Step 12: 2D Poisson Equation#


Poisson’s equation is obtained from adding a source term to the right-hand-side of Laplace’s equation:

\[\frac{\partial ^2 p}{\partial x^2} + \frac{\partial ^2 p}{\partial y^2} = b\]

So, unlinke the Laplace equation, there is some finite value inside the field that affects the solution. Poisson’s equation acts to “relax” the initial sources in the field.

In discretized form, this looks almost the same as Step 11, except for the source term:

\[\frac{p_{i+1,j}^{n}-2p_{i,j}^{n}+p_{i-1,j}^{n}}{\Delta x^2}+\frac{p_{i,j+1}^{n}-2 p_{i,j}^{n}+p_{i,j-1}^{n}}{\Delta y^2}=b_{i,j}^{n}\]

As before, we rearrange this so that we obtain an equation for \(p\) at point \(i,j\). Thus, we obtain:

\[p_{i,j}^{n}=\frac{(p_{i+1,j}^{n}+p_{i-1,j}^{n})\Delta y^2+(p_{i,j+1}^{n}+p_{i,j-1}^{n})\Delta x^2-b_{i,j}^{n}\Delta x^2\Delta y^2}{2(\Delta x^2+\Delta y^2)}\]

We will solve this equation by assuming an initial state of \(p=0\) everywhere, and applying boundary conditions as follows:

\(p=0\) at \(x=0, \ 2\) and \(y=0, \ 2\)

and the source term consists of two initial spikes inside the domain, as follows:

\(b=100\) at \((x,y) = (0.5,0.5)\)

\(b=-100\) at \((x,y) = (1.5,1.5)\)

\(b_{i,j}=0\) everywhere else.

import numpy as np
from matplotlib import pyplot as plt, cm
from mpl_toolkits.mplot3d import Axes3D
# parameter definitions

nx = 50
ny = 50
nt = 100
xmin = 0
xmax = 2
ymin = 0
ymax = 2

dx = (xmax - xmin) / (nx - 1)
dy = (ymax - ymin) / (ny - 1)

p = np.zeros((nx, ny))
b = np.zeros((nx, ny))
x = np.linspace(xmin, xmax, nx)
y = np.linspace(ymin, ymax, ny)

# define source term
b[int(nx/4),int(nx/4)] = 100
b[int(3*ny/4),int(3*ny/4)] = -100
def plot2D(x,y,p):  # define a function for visulizing 2d plot
    fig = plt.figure(figsize = (11,7), dpi=100)
    ax = fig.add_subplot(111, projection='3d')
    # The '111' means a grid of 1 row and 1 column and this subplot is the first one.
    X, Y = np.meshgrid(x,y)
    surf = ax.plot_surface(X,Y,p,cmap=cm.viridis)
    ax.set_xlabel('$x$')
    ax.set_ylabel('$y$');
plot2D(x,y,b)
plot2D(x,y,p)
_images/2525c35a007b36dc2e5d01e65af8af285ae445b19bb6563463e5b198f10398c8.png _images/a7f2698d72665db8b4571e62d6015bcf43fabf3b8aad7e678da253eaf331631f.png
def poisson2d(p, b, dx, dy, l1norm_target):
    l1norm = 1
    pn = np.zeros_like(p)
    small = 1e-8
    niter = 0
    while l1norm > l1norm_target:
        niter += 1   # count the number of iterations for convergence
        pn = p.copy()
        p[1:-1,1:-1] = ((dy**2 * (pn[2:,1:-1] + pn[:-2,1:-1]) +
                        dx**2 * (pn[1:-1,2:] + pn[1:-1,:-2]) -
                        dx**2 * dy**2 * b[1:-1,1:-1]) /
                        (2 * (dx**2 + dy**2)))
        p[0,:] = 0  # p = 0 @ x = 0
        p[-1:,] = 0 # p = 0 @ x = 2
        p[:,0] = 0 # p = 0 @ y = 0
        p[:,-1] = 0 # p = 0 @ y = 2  
        l1norm = (np.sum(np.abs(p[:]-pn[:])) / (np.sum(np.abs(pn[:]))+small))
        
    return p, niter

Output of this function is a tuple (Python Tuple is a collection of objects separated by commas)

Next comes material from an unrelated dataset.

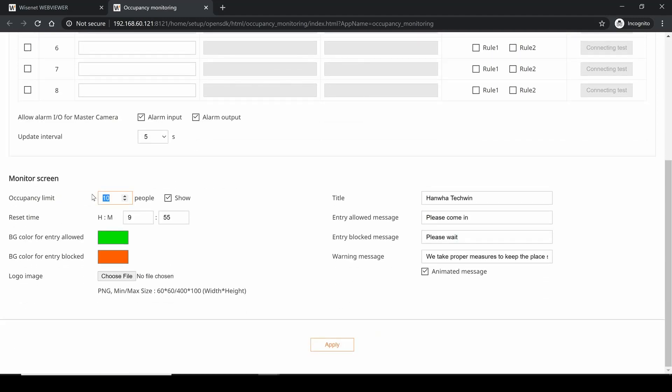Here I've told it I want to have a limit of 10 people in my store and I want to show that count on the web page. We have a reset time - I put in 9:55 a.m. So in this case, maybe my store opens at 10 a.m., so five minutes before the store opens I'll reset the count back to zero.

p, niter = poisson2d(p, b, dx, dy, 1e-4)  
print('# of iterations =', niter)
# of iterations = 791
plot2D(x,y,p)
_images/0e01db7e9b0ab0d74f10e3538ad921954a0af6edb7d8e6eaad7f5b612a7ef430.png

Ah! The wonders of code reuse! Now, you probably think: “Well, if I’ve written this neat little function that does something so useful, I want to use it over and over again. How can I do this without copying and pasting it each time? —If you are very curious about this, you’ll have to learn about packaging. But this goes beyond the scope of our CFD lessons. You’ll just have to Google it if you really want to know.